Columns mirror the fields documented in
../README.md §Persistence Layout.
Inspect runtime status counts
psql "$RTMANAGER_POSTGRES_PRIMARY_DSN" -c \
"SELECT status, COUNT(*) FROM rtmanager.runtime_records GROUP BY status"
Inspect the operation log for a game
psql "$RTMANAGER_POSTGRES_PRIMARY_DSN" -c \
"SELECT id, op_kind, op_source, outcome, error_code,
started_at, finished_at
FROM rtmanager.operation_log
WHERE game_id = 'game-01HZ...'
ORDER BY started_at DESC, id DESC
LIMIT 50"
Inspect the latest health snapshot
psql "$RTMANAGER_POSTGRES_PRIMARY_DSN" -c \
"SELECT game_id, container_id, status, source, observed_at, details
FROM rtmanager.health_snapshots
WHERE game_id = 'game-01HZ...'"
Inspect Redis runtime-coordination keys
# Stream offsets
redis-cli GET rtmanager:stream_offsets:startjobs
redis-cli GET rtmanager:stream_offsets:stopjobs
# Per-game lease (only present while an operation is in flight)

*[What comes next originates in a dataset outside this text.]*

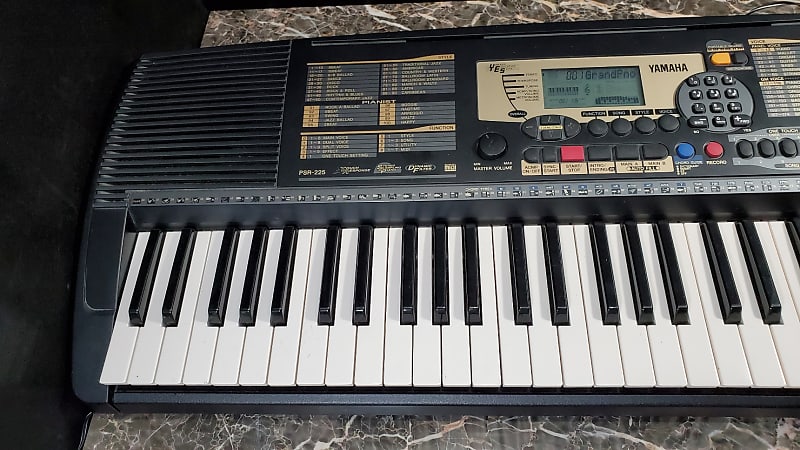 YAMAHA　PSR-225　61鍵キーボード　シンセサイザー Yamaha Portatone PSR-225 61 Key Electronic Keyboard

redis-cli GET rtmanager:game_lease:game-01HZ...
redis-cli TTL rtmanager:game_lease:game-01HZ...
# Recent stream entries
redis-cli XRANGE runtime:start_jobs - + COUNT 20
redis-cli XRANGE runtime:job_results - + COUNT 20
redis-cli XRANGE runtime:health_events - + COUNT 50
# Stream metadata
redis-cli XINFO STREAM runtime:start_jobs
redis-cli XINFO STREAM runtime:stop_jobs
redis-cli XINFO STREAM runtime:health_events